The specifics vary by state, but most states require some type of seller disclosure.
The goal is to add transparency to the transaction process.
In a disclosure, a seller provides written information about known things that could impact the property’s value, like termite damage or a leaky roof. The disclosure will also include details like the homeowners’ association fees and restrictions.
These documents are meant to provide buyers with a comprehensive overview of the property before buying it.
On the seller’s side, the disclosure has the benefit of helping them avoid a future lawsuit if a new owner discovers hidden information.
A seller typically fills out a standard disclosure form with yes or no questions about their property. The form will also have space for more details and explanations.
Some states have multiple versions of a disclosure form that comply with state law.
A real estate agent should fully understand the legal requirements for disclosures. If you’re a seller, your listing agent will provide you with the right documents that you fill out. Your agent should help you go through the completed forms if you’re a buyer.
The disclosure isn’t a replacement for a home inspection, but it might bring to light issues that you have an inspector take a closer look at.
Disclosures only require sellers to share the issues with the house that they’re aware of. There’s still the potential for there to be hidden problems.
A purchase offer will have a deadline for sellers to provide disclosures and details on the number of days a buyer has to review them.
Then, the offer should also have details on the buyer’s right to change their mind or back out based on the disclosures.
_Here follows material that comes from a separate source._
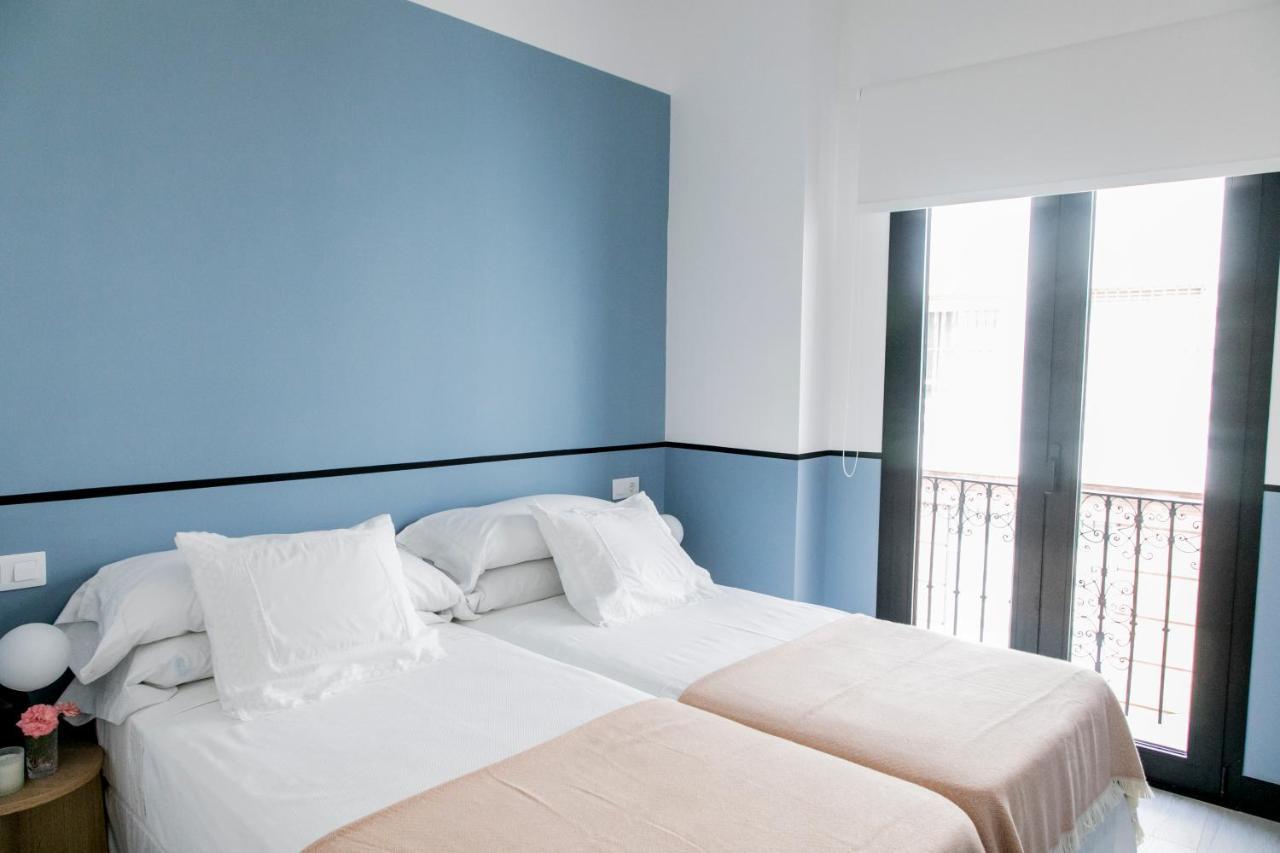 סביליה Pasaje Zamora Apartamentos מראה חיצוני תמונה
Seller’s disclosure requirements, as mentioned, vary depending on your state. Some of the common issues they often include are:
- Leaks or roof problems
- Previous flooding or water leaks in the basement
- Foundation cracks or defects
- Issues with the air conditioning, heating, or plumbing systems
- Defects in doors, floors, walls, or windows
- Sewer or septic system problems
- Infestations by wood-destroying insects or damage
- Unsafe conditions related to lead, asbestos, or radon
- Boundary disputes
While most disclosure guidelines are set at the state level, under federal law, if you’re selling a home built before 1978, you have to disclose that paint may be lead-based. 1978 is the year lead-based paint was banned for consumer use.
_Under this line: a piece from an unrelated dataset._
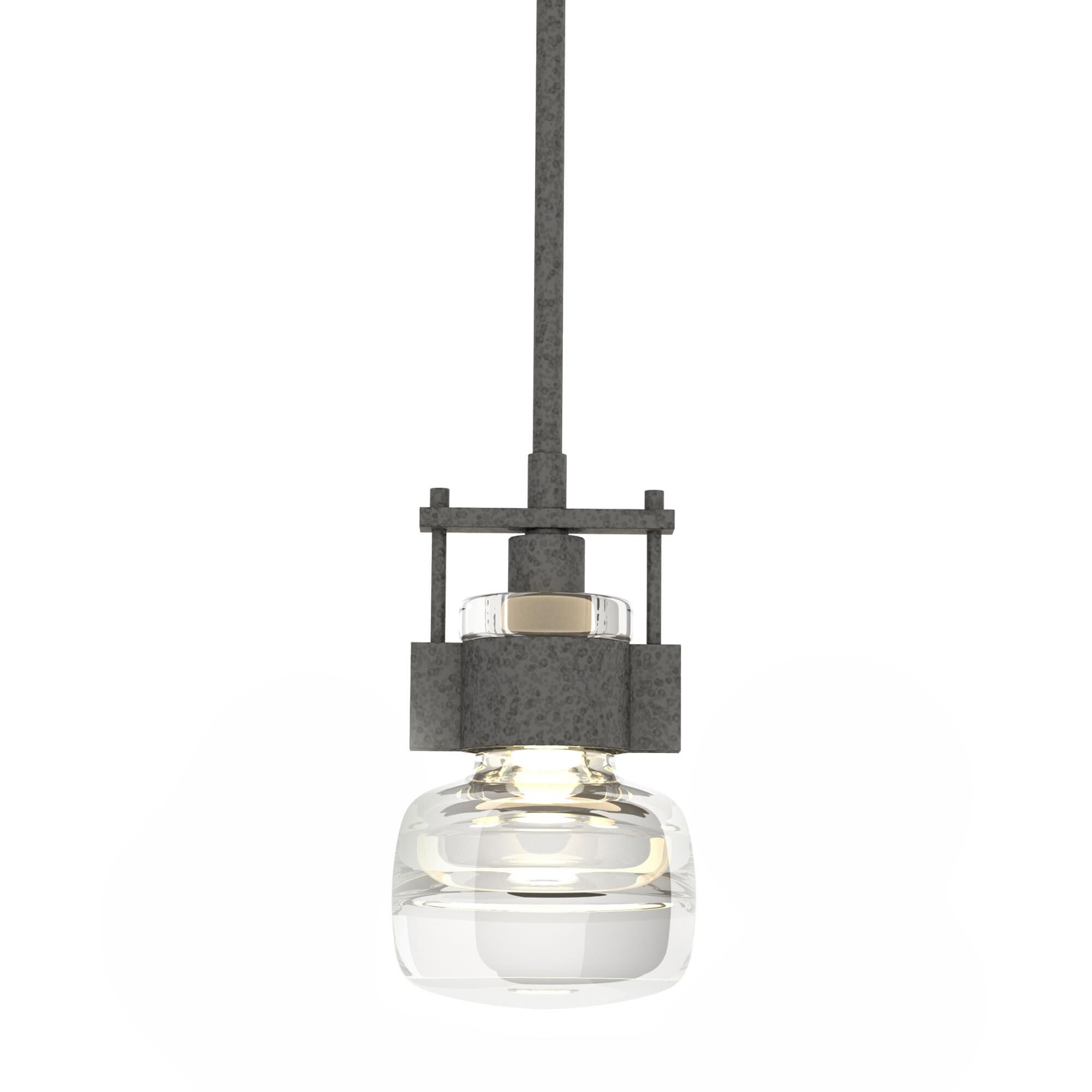 Cuff Mini Pendant by Hubbardton Forge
A seller of a home built before 1978 would also have to give buyers an EPA pamphlet about protecting their family from lead in the house and give buyers ten days to do a paint inspection or risk assessment for lead-based paint.
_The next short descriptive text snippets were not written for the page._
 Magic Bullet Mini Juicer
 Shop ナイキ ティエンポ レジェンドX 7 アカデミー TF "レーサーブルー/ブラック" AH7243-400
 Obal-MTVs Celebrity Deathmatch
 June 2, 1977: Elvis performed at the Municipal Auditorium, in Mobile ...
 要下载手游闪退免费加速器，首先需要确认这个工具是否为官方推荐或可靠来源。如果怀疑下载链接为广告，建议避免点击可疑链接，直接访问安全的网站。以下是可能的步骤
What to Look for In a Disclosure
If you’re a buyer, you may feel a little overwhelmed by the seller’s disclosure, and again, this is where a good agent can help you. If you aren’t sure about anything, don’t be afraid to ask.
One issue to watch for is mold or water damage.
Termite damage is another red flag. If termites aren’t taken care of, it can significantly impact a home’s structure, and a homeowner’s policy often won’t cover this damage.
Some states require that sellers identify if their property is part of a FEMA-designated floodplain. If this isn’t required in your state, you should look into it independently.
What Does Caveat Emptor Mean?
Finally, caveat emptor is Latin for “let the buyer beware.” In real estate, this means that it’s up to the buyer to be fully aware of any issues with the home.
If the disclosure laws in your state don’t require the seller to mention something, you have to figure it out on your own.
The only times you would have recourse as a buyer is if the seller intentionally sought to defraud you.
In general, it’s up to buyers to have a home inspected and follow up on issues before the transaction goes through.